I recognise that I’ll never be able to put this right, but it’s worth trying, because it is important to understand the world as it is. The truth is that the United States is an imperial power. Generally speaking, it does not give foreign nations free rides and it does not hand out unearned favours. There is however a lot of confusion here, because hardly anybody bothers to describe honestly the geopolitical strategy pursued by the United States or the nature of the American empire. Western liberalism cannot conceptualise imperial politics, and while empire generally benefits political elites on both sides of the Atlantic, it is not necessarily or always in the interests of ordinary Americans or ordinary Europeans, which is yet another reason not to talk about it.

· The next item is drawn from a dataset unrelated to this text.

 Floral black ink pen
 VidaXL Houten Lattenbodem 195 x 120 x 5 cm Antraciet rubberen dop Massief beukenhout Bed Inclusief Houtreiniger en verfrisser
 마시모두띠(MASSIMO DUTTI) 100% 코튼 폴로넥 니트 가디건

The Americans and the British before them expended enormous effort to preempt the emergence of a dominant power on the European Continent that might challenge their successive naval empires. They fought two world wars to stop Germany from becoming just such a power. This great struggle ended in 1945 with Western Europe as a fully subjugated imperial province. Since then, the Americans have coordinated the NATO alliance and guaranteed the security of European countries not out of charity, but because Europe is their provincial possession. As a rule, they have not wanted Europe to assume full responsibility for its own defence, because a world in which America no longer guarantees the security of Europe is a world in which Europe is no longer an American province. It’s that simple.

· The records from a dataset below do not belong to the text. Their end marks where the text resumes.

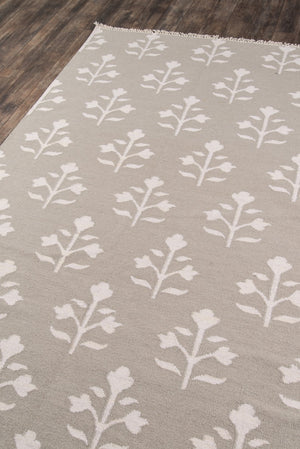 Momeni Erin Gates Thompson THO-6 Hand Woven Casual Floral Indoor Area Rug Grey 7'6" x 9'6" THOMPTHO-6GRY7696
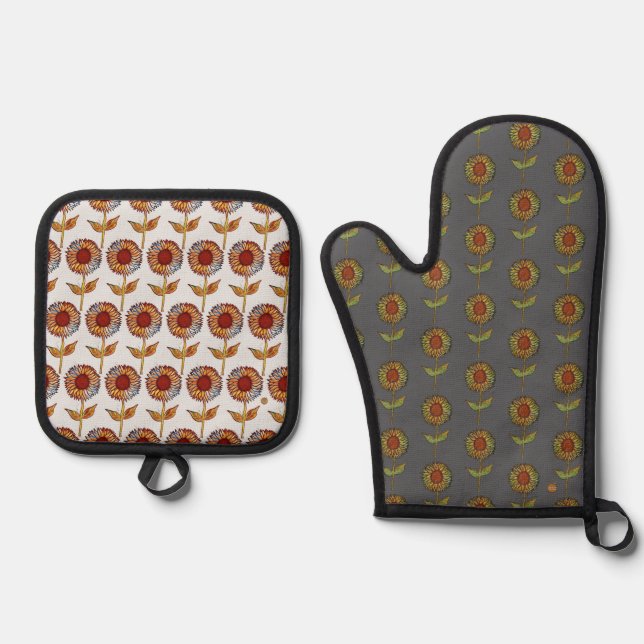  Sunflower Oven Mitt and Pot Holders Ofenhandschuh & Topflappen-Set (Vorderseite)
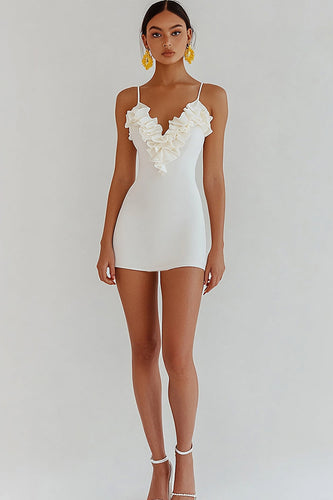 Bodycon Volang Satin Vit Examensklänning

To fend off the Soviets, the Americans nevertheless rebuilt and rearmed the nations of Western Europe. Everyone involved in this project had to come up with a way to allow the Germans to become a dominant economic power again, without displacing the United States or provoking the hostilities of wary postwar neighbours like France. One solution here was the European Union, which promoted economic interdependency as a counterweight to nationalist concerns. Another solution came at the cultural level, where Germany sought to allay European anxieties over possible Teutonic aggression by developing a national cult of historical guilt for World War II, which steadily blossomed into a full-blown civic religion. This exercise in self-effacement has grown more and not less extreme over time, in part as a response to nervousness about the consequences of German reunification. Many voices on the right like to portray Germans as victims of an externally imposed guilt regime, but the truth is that we did most of this to ourselves. The German left in particular has profited from and encouraged this mindset from the beginning.

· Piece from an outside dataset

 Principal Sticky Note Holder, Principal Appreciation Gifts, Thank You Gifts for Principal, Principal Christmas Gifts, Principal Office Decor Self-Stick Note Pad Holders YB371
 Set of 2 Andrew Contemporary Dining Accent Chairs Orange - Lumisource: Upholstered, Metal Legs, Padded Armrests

German political self-effacement had one unexpected feature, in that it proved to be contagious. Within a generation of 1945, many of the victorious allied powers were striving to develop their own historical guilt cults after the German example, in each case centred around a national original sin like slavery or colonialism. Just as the German political class found it expedient to foreground collective European concerns at the expense of a more narrowly construed German nationalism, so did the broader West develop an overarching obsession with global issues and the plight of the developing world. This has caused the proliferation of a lot of silly people in our political culture, a lot of profoundly stupid organisations, and at least two cancerous ideological systems in the form of climatism and migrationism. We have had a nearly incalculable gift in the form of 80 years of peace, which may yet be offset by the equally incalculable costs of the lunacies this peace has encouraged.
Trump’s greatest geopolitical ambition is to reorient American foreign policy away from Europe and the minor rivalry with Russia, towards East Asia and the far greater rivalry with China. This pivot entails a demotion of provincial Europe in the pecking order of empire. The Americans will want Europeans to pay more for their place in the broader imperial system, and they will be inclined to extend the Europeans fewer benefits. That is what a lot of the low-resolution MAGA rhetoric about free-riding Europeans adds up to, it is the meaning of Trump’s demands that European nations massively increase NATO spending, and it has been an important subtext in the tariff negotiations too. So far, NATO member states and the EU have folded to Trump’s demands with very little resistance, despite their extravagance.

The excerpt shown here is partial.